Plaintiffs seek to impose liability for their CERCLA response costs upon defendant with a determination at a later proceeding of the amount of the costs.The CERCLA claim is based upon 42 U.S.C. § 9607(a)(2), (3) and 4(B) which provides, in pertinent part, as follows:
(2) any person who at the time of disposal of any hazardous substance owned or operated any facility at which such hazardous substances were disposed of,
(3) any person who by contract, agreement or otherwise arranged with a transporter for transport for disposal or treatment, of hazardous substances owned or possessed by such person, by any other party or entity, at any facility owned or operated by another party or entity and containing such hazardous substances, . . . shall be liable for —
(B) any other necessary costs of response incurred by any other person consistent with the national contingency plan . . . .
Defendant contends summary judgment is inappropriate only because he believes that none of the plaintiffs have incurred response costs. But if this is so, defendant may produce evidence to that effect at a later proceeding and defeat plaintiffs' claim. Currently, we believe that partial summary judgment on liability is appropriate based upon the record considered in our previous memorandum in which we concluded that Westinghouse should be liable for response costs. See Fischel v. Westinghouse, supra, at 1541. Accordingly, we will enter partial summary judgment against defendant on plaintiffs' CERCLA claim.
D. Claim For Attorney's Fees, Civil Penalties and Injunctive Relief.

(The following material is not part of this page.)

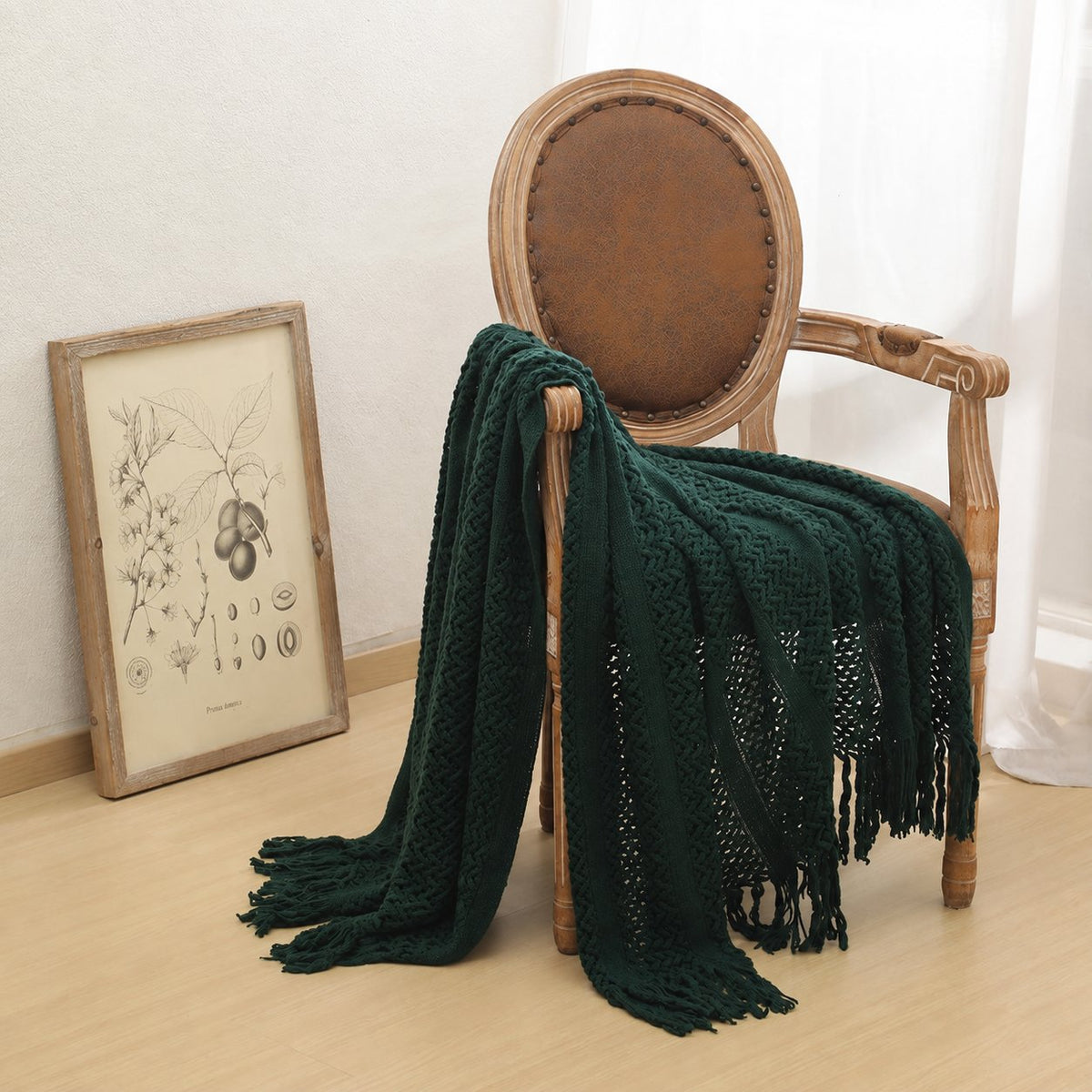 Textured knit throw — forest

Plaintiffs have requested their attorney's fees and civil penalties authorized under CWA, see 33 U.S.C. § 1319(d) and RCRA, see 42 U.S.C. § 6928(g), and injunctive relief under CWA. At this time we will not grant any of these requests. First, while it is true, as plaintiffs have pointed out, that defendant has not contested the amount of attorney's fees claimed, we prefer to handle the request for fees in a collateral motion in which the request for fees can be thoroughly discussed and opposed. Second, plaintiffs have only set forth in conclusional terms their claim for maximum civil penalties under CWA and RCRA. They have not adequately briefed this issue and since the amount of and civil penalty awarded is within our sound discretion,6 see, e.g., Stoddard, supra; Chesapeake Bay Foundation v. Gwaltney of Smithfield, Ltd., 611 F. Supp. 1542 [15 ELR 20663] (E.D. Va. 1985), this issue too should be explored in greater detail. Finally, plaintiffs have not set forth the injunctive relief they desire. We cannot enjoin defendant until it has been determined what conduct he should undertake to remedy the environmental problems. Accordingly, this relief is denied.

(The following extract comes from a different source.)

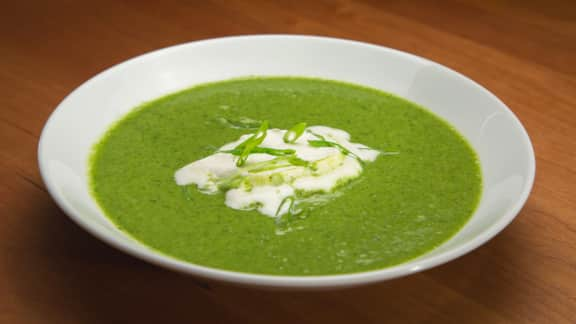 Potage au brocoli et aux épinards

We will issue an appropriate order.
AND NOW, this 23rd day of May, 1986, it is ordered that partial summary judgment on liability is entered in favor of:
1. Group II plaintiffs on their claim for response costs under CERCLA, 42 U.S.C. § 9607(a).

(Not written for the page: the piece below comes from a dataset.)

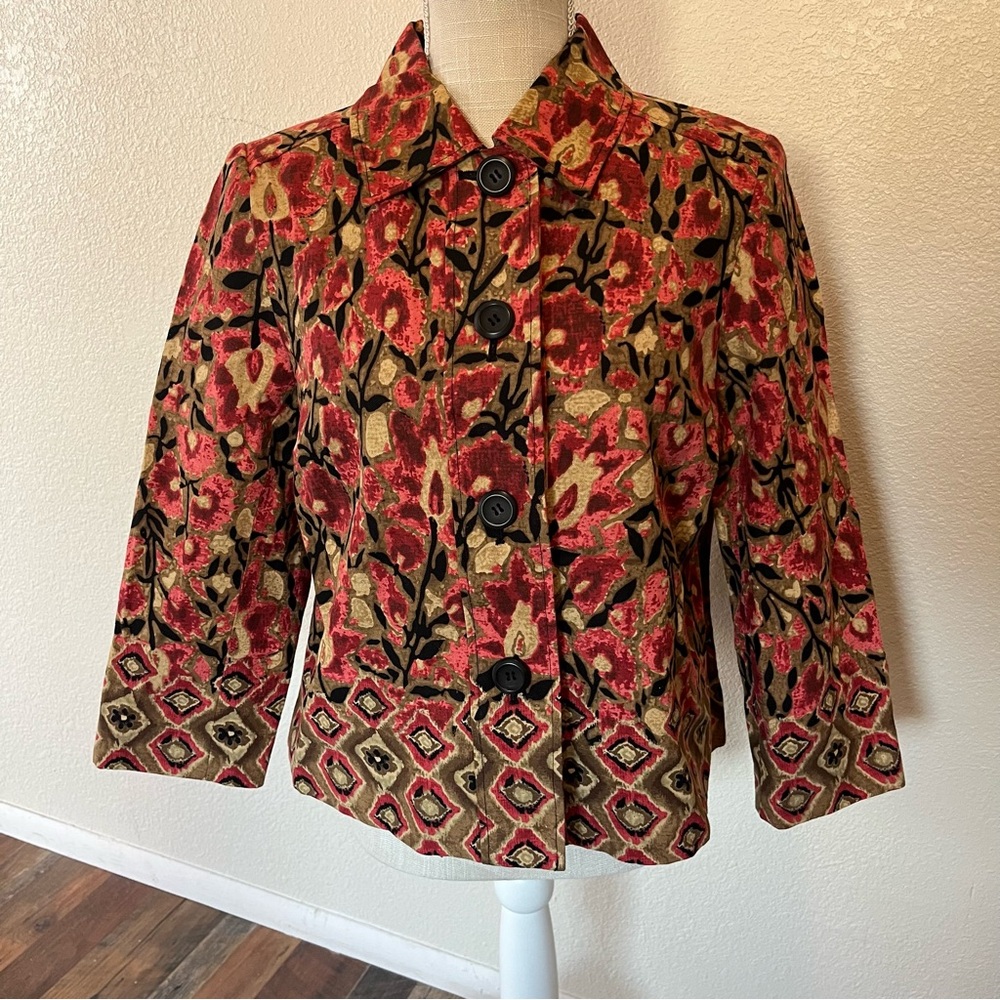 RQT Floral Linen Blend Button Up Jacket Size 10P Fully Lined - Size 10P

2. Group III and IV plaintiffs on their RCRA claims under 42 U.S.C. §§ 6925(a) and 6930, CWA claims under 42 U.S.C. § 1365(a), and CERCLA claims under 42 U.S.C. § 9607(a).
1. The complaint divides the neighbors into four groups. Group I adjoins the Westinghouse plant which Westinghouse used for certain disposal activities. Plaintiffs' claims against Westinghouse are discussed in Fishel v. Westinghouse Electric Corp., 617 F. Supp. 1531 [16 ELR 20001] (M.D. Pa. 1985). Group II consists of neighbors of the Shealer and Culp properties.Groups III and IV live along the Hunterstown Road site and the lagoon but group IV has not yet had their wells contaminated by pollutants.
2. Defendant refers to the effective date of the regulations, December 12, 1979.
3. If solid wastes were involved, plaintiffs have not specifically set forth what they were. See, e.g., the affidavit of Michael C. Havener (App. at 640) which makes reference only to hazardous wastes.
4. 40 C.F.R. § 257.1(c)(8) specifically provides that the criteria set forth in Part 257 "do not apply to hazardous waste disposal facilities."
5. Shealer did not own the Culp property. It also cannot be said that he "operated" it within the meaning of the regulations. (See 40 C.F.R. § 260.10 and Shealer deposition at 56).
6. The statutory sections provide for awards "up to" $10,000 for CWA and $25,000 for RCRA.